This week, as fourth quarter earnings reports reach their peak, a similar process is under way. Do the earnings reports mean that winter’s economic slowdown is going to stick around? Or is a spring-like prosperity just around the corner?
Who truly knows what the groundhog thinks of this process, but we’ve been looking at some of the positive corporate earnings reports released this week for a sign that this time around, the economic frost is really going to melt.
For example, several of the companies that beat Street forecasts inhabit industry sectors that enjoyed rapid growth when the economy was running at a fever pitch in late 1999 and early 2000. Maybe they’re coming back.
Another positive sign was Intel’s statement included in its fourth quarter earnings announcement that its capital expenses will total $7.5 billion this year.
“Intel has such a strong balance sheet that they’re using this difficult market environment to up the ante against their competitors,” says Heather O’Loughlin, a technology analyst with Boston’s State Street Global Advisors.

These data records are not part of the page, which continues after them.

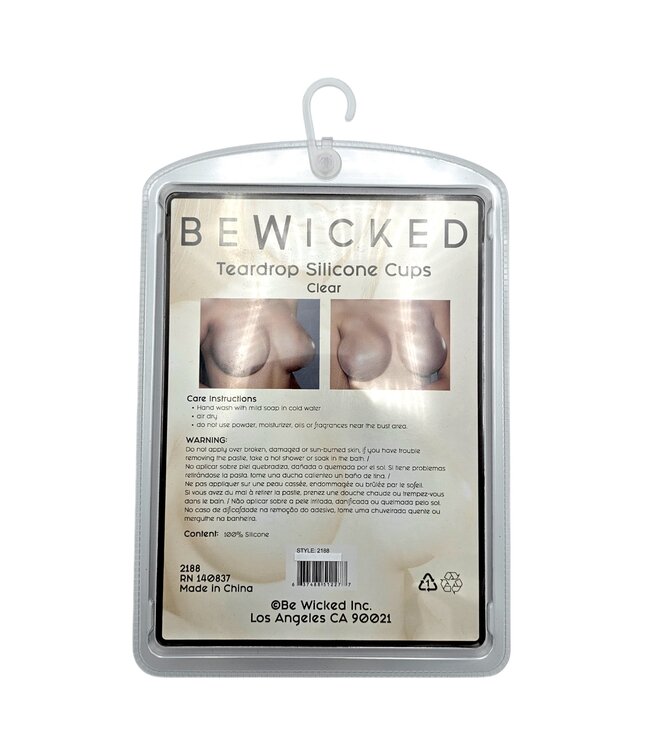 BeWicked Naadloze Teardrop Siliconen Cups | Ultiem Comfort & Discretie Onder Kleding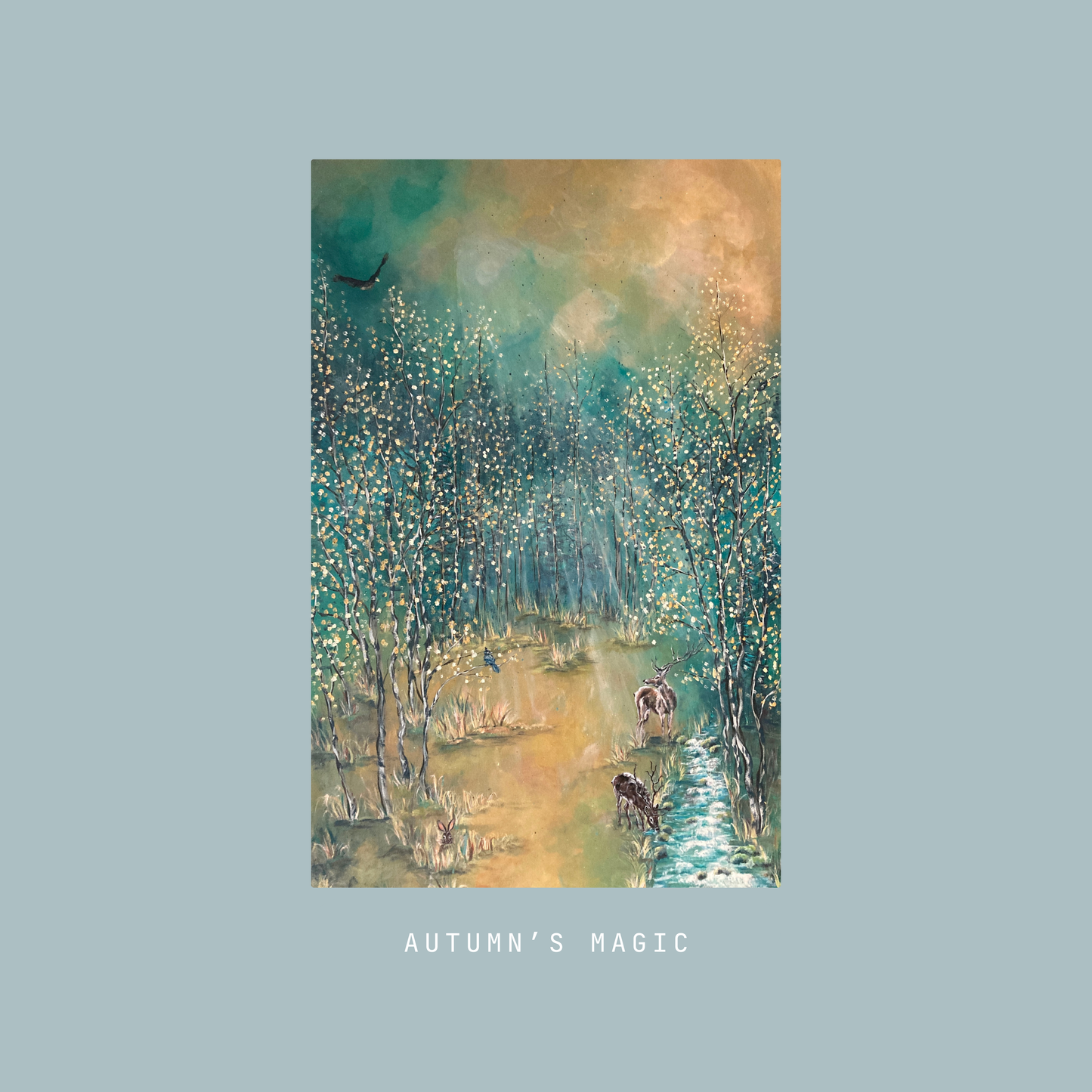 "Autumn's Magic" - Original acrylic on canvas 24 x 36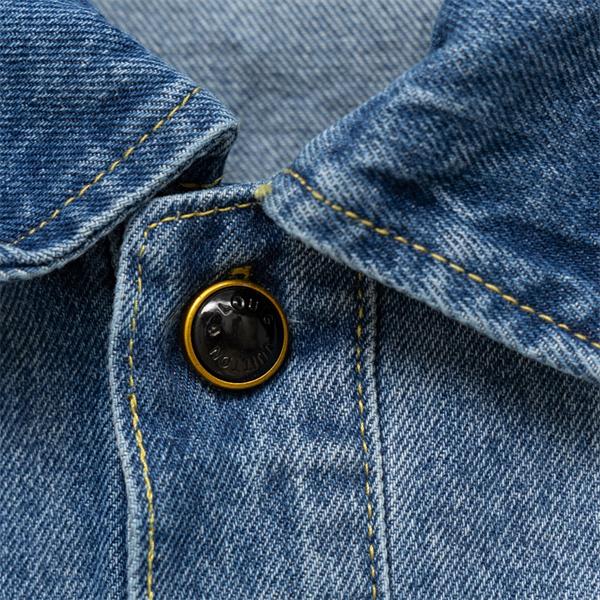 LOUIS VUITTON ルイヴィトン コピー 2025秋冬 デザイン映え モード系 ブルー デニムジャケット 今季イチオシ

The news about Intel’s higher budget should be welcome to businesses dependent upon the semiconductor sector. It’s worth noting that chip-equipment supplier Novellus Systems was among the firms that beat earnings forecasts this week. Unfortunately, the news in that sector wasn’t uniformly good. Teradyne, which makes chip-testing equipment, reported earnings that fell short of Street forecasts.
But network equipment maker Juniper Networks, and optical-chip manufacturer Applied Micro Circuits also beat Street forecasts. Juniper makes switchers and routers for fiber optic networks and has steadily gained market share at the expense of Cisco Systems. Meanwhile, Applied Micro Circuits makes semiconductors for high-speed, fiber-optic networks, and the company’s products have been hot commodities this past year.
Obviously, the lesson of the last eight months is that no company is immune to a broad slowdown. But if this week’s earnings results bear a message it’s that the economy is still growing in the sectors that are building its technology infrastructure. The new technology infrastructure will serve as a springboard not only for the next generation of the Internet, but an eventual economic recovery. But is that recovery upon us yet?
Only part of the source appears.